Filed 9/29/06 P. v. Nguyen CA4/3





NOT TO BE PUBLISHED IN OFFICIAL REPORTS



California Rules of Court, rule 977(a), prohibits courts and parties from citing or relying on opinions not certified for publication or ordered published, except as specified by rule 977(b). This opinion has not been certified for publication or ordered published for purposes of rule 977.



IN THE COURT OF APPEAL OF THE STATE OF CALIFORNIA



FOURTH APPELLATE DISTRICT



DIVISION THREE










THE PEOPLE,


Plaintiff and Respondent,


v.


MINH TAN NGUYEN,


Defendant and Appellant.



G035572


(Super. Ct. No. 04ZF0069)


O P I N I O N



Appeal from a judgment of the Superior Court of Orange County, James A. Stotler, Judge. Affirmed.


Jennifer A. Gambale, under appointment by the Court of Appeal, for Defendant and Appellant.


Bill Lockyer, Attorney General, Robert R. Anderson, Chief Assistant Attorney General, Gary W. Schons, Assistant Attorney General, Gil Gonzalez and Andrew Mestman, Deputy Attorneys General, for Plaintiff and Respondent.


* * *


The trial court did not err when it found defendant’s prior juvenile adjudications qualified as strikes under the “Three Strikes” law. (Penal Code § 667; unless otherwise noted, all further statutory references are to the Penal Code.) We affirm.


I


FACTS


On May 13, 2005, defendant Minh Tan Nguyen pled guilty to count one, violation of section 245, subdivision (a)(1) and an enhancement under section 186.22, subdivision (b). He also pled guilty to count three, violation of section 186.22, subdivision (a). He attached two addenda to the guilty plea form.


Addendum A has three paragraphs. The last one reads: “I understand and agree that if the Court makes a finding beyond a reasonable doubt that the two prior strikes alleged in the Indictment are not legally valid strikes, my maximum Penalty will remain the 9 years and 8 months reflected on page 1 of my Guilty Plea form. I further understand and agree that if the Court makes a finding beyond a reasonable doubt that the two prior strikes alleged in the Indictment are not legally valid strikes, the People are going to recommend to the Court that I be sentenced to a term of 3 years in State Prison.” (Boldface in original.) It is signed by defendant. Below his signature is his counsel’s signature under a statement which reads: “I have explained to the defendant the legal consequences of the terms listed in this addendum.” Addendum B recites the factual basis for defendant’s guilty plea.

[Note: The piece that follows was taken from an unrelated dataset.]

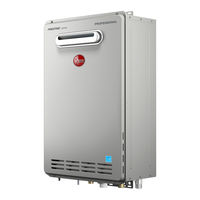 Rheem RTGH-95DVELN-2 Manuals | ManualsLib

The court reiterated the agreement: “And so my understanding here is we’re going to have a court trial on the two priors and assuming . . . . [t]hat I find those two priors true then, even so, the district attorney will be moving to strike those two priors and the defendant will be sentenced to an agreed-upon sentence of seven years.


. . .

But it’s also contemplated by both of you and agreed upon by both of you that, if legally speaking those strikes are not strikes, then the appropriate sentence in this case as negotiated between you two is three years in state prison.” Both counsel agreed.


The court had another point clarified when it asked the prosecutor: “[D]id you contemplate what the result of this would be on appeal if the Court of Appeal finds that only one strike is invalid? That is, is it a seven-year sentence or a three-year sentence?” The prosecutor responded: “I think, based on the argument we both made, it’s all or nothing because of the application of the Penal Code section they’re going to find they’re both strikes or they’re not strikes.” Defense counsel added: “That is likely the result.”

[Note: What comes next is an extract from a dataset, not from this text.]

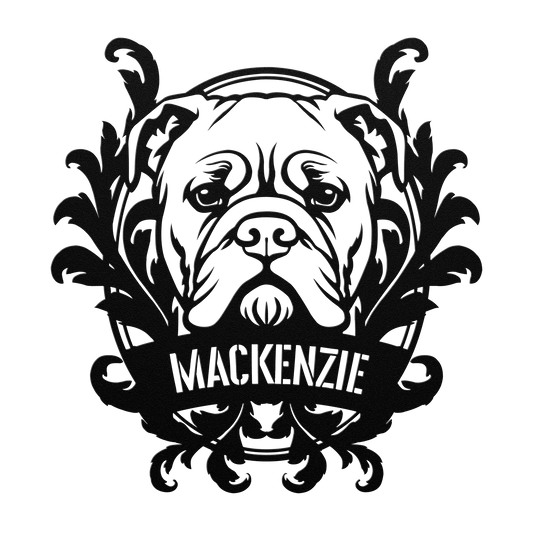 Bulldog_Family_Name_Metal_Sign_Black_Transparent_Mockup.png_16009311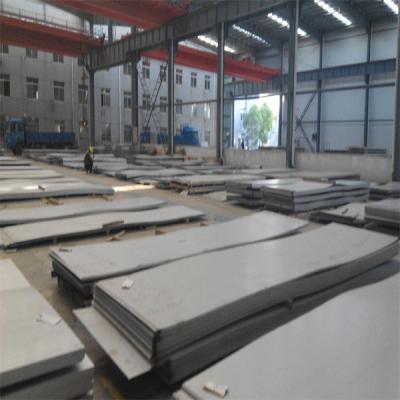 China ASTM 1219*2438mm 304 roestvrij staalplaten Platten koudgewalst BV Te koop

After defendant’s guilty plea was entered, the court found the two prior allegations pursuant to section 667, subdivisions (d) and (e), based upon a juvenile adjudication, to be true, reasoning defendant entered a guilty plea to the charges alleged: “And so my feeling is that count 1 was a plea to assault with a deadly weapon, as well as to an assault by means of force likely to produce great bodily injury. And therefore, . . . the defendant has a strike because of the 245(a)(1) allegation, and under the reasoning of Garcia, has a second strike under 186.22(a).”


The court struck both strikes for purposes of punishment on the motion of the district attorney. Defendant was sentenced to seven years in prison. He was given two years each for counts one and three to run concurrently. For the enhancement under count one, the court imposed five years.


On appeal, defendant argues the court erred when it found his prior juvenile adjudications to be strikes under the Three Strikes law. Not surprisingly, the Attorney General disagrees, but further contends the appeal should be dismissed because defendant did not obtain a certificate of probable cause.


II


DISCUSSION


Certificate of probable cause


“No appeal shall be taken by the defendant from a judgment of conviction upon a plea of guilty . . . except where both of the following are met:

(a) The defendant has filed with the trial court a written statement, executed under oath or penalty of perjury showing reasonable constitutional, jurisdictional, or other grounds going to the legality of the proceedings.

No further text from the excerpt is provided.